GRAVE MOTHER

The grass grows thick and green on both sides of this rail fence, each field fed with the early dead. On the right, stone lambs sleep beneath sentinel angels that weep over piles of wilted roses. On the left, granite sheets coated in lichen sink into the dirt, names worn shallow in the stone. And my face, here on the rail, an eroded marker—marble made grey with age. Here lies Margaret—Meg, to those who knew her—which was no one, not even me.

Outside the fence, the stone-toothed hill slopes down into the woods. Trees push back up onto the hill, roots lifting the desecrated stones, wreaking unseen havoc on the small, unconsecrated heads resting below. Roots thread through soft fontanelles.

The fence presses into my tailbone where I straddle the rail. Rose stems prick my right foot, thistle weeds jab my left. Margaret stabs my left, buried deep in her fallopian tomb. I bathe the rail in blood.

I saw her heart beat for a moment—three quick flashes of a fluttering valve on a black screen. But altogether in the wrong place, to the left. I signed the papers on a Thursday, to end her and save me.

When it rains, old roses wash under the fence and down the hill, where they tangle and make a dry bramble arching over the leaning stones. Their seeds dry to husks before they ever take root.

On the right, dates stretch the stones wide, from weeks to years. On the left, a single day, maybe three. On my face, the lines carve a lifetime, counting backward from the day that should have been Margaret’s day. They soaked her in poison on a Friday. They said if I didn’t, I’d die.

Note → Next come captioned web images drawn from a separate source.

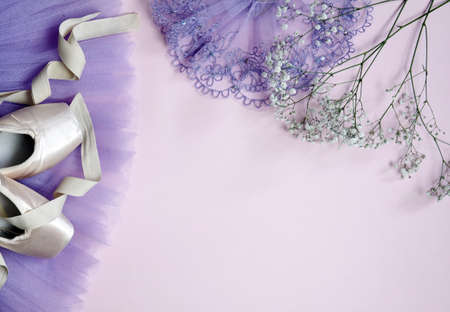 ballerina shoes pointe shoes with a tutu skirt of different colors on a pink background with flowersの写真素材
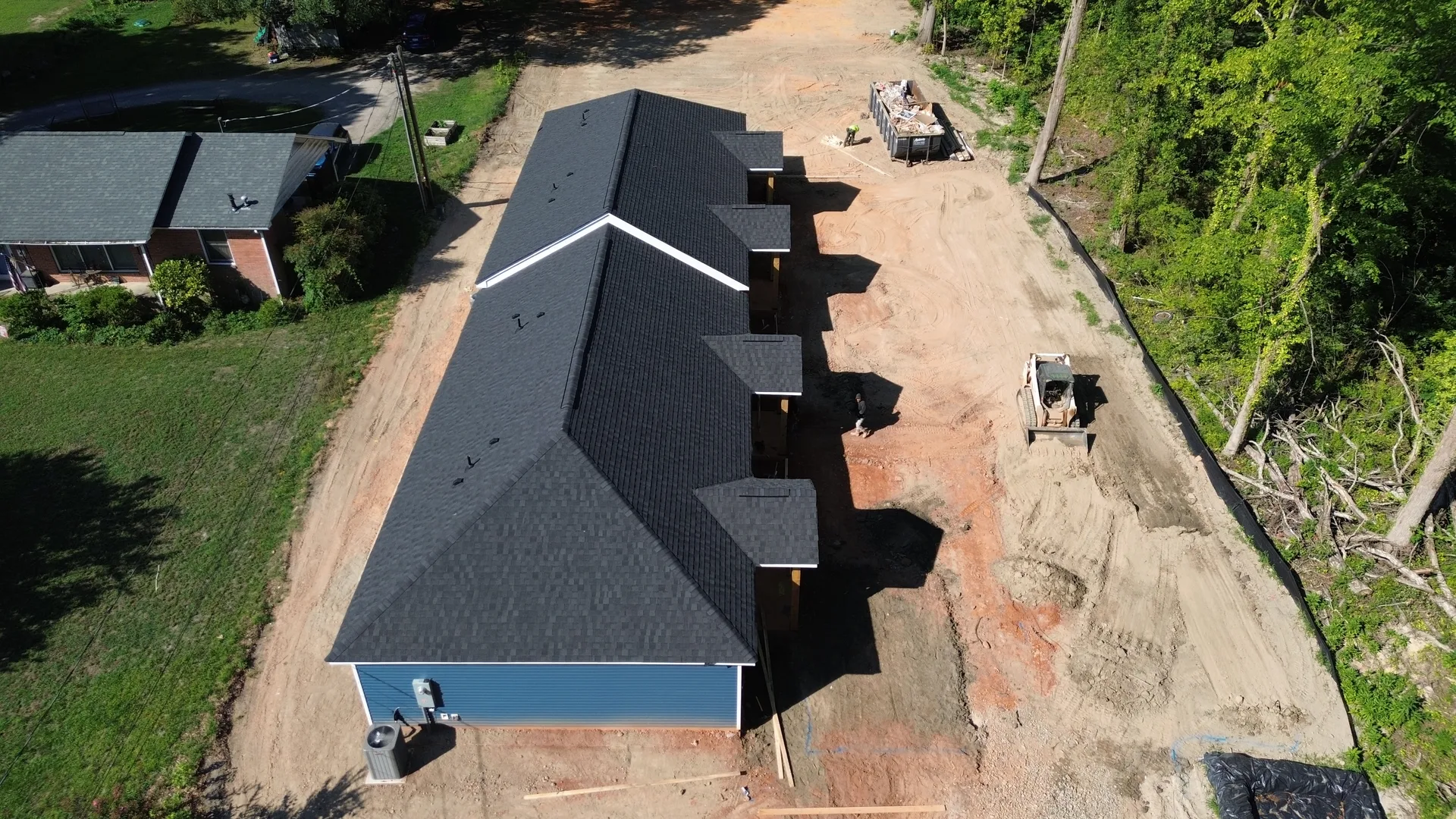 Aerial rear elevation of Clover SC quadplex showing off-street parking and site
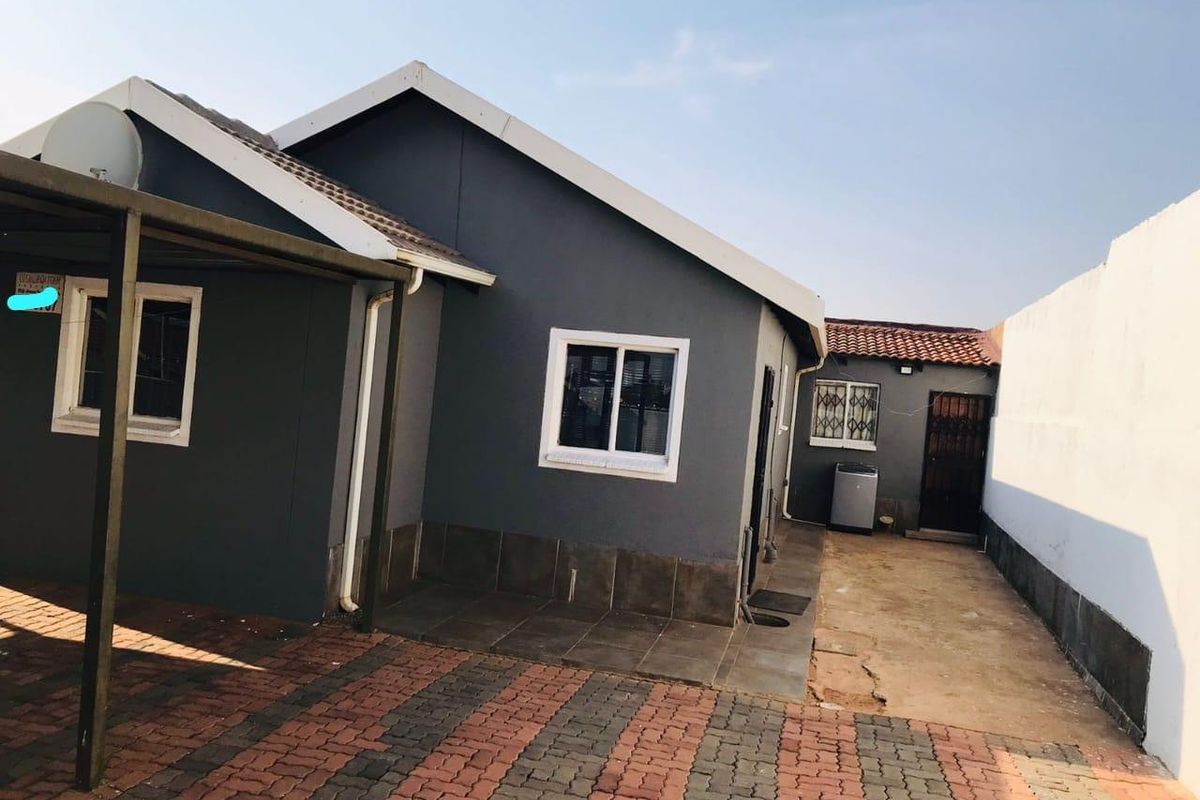 Rear exterior view of the property featuring a paved driveway, tiled patio area, and secure access gate.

I saw her tangle of bones, a compressed nest all in the wrong place. They said some would pass through me and some would become me, but some stayed, and turned to stone. And I mark her, everywhere.

The babes deep inside the high hill rest till rapture, while Margaret and I—we waited for rupture, and now it’s come.

I swing my right leg over the fence, sink my feet into the weeds to the left, turn my back on the rows of angels. The warm coat of blood running down my legs soothes the nettle sting and thistle prick of the bramble by the woods.

I find us a place in the tangle of roots, like the tangle of her stone bones, and I lay us down. Here lie Mother and Margaret, and as I fade into the earth, she’ll remain, watching over me, my own stone angel, my sleeping lamb. And I, the ground for Margaret, all in the wrong place.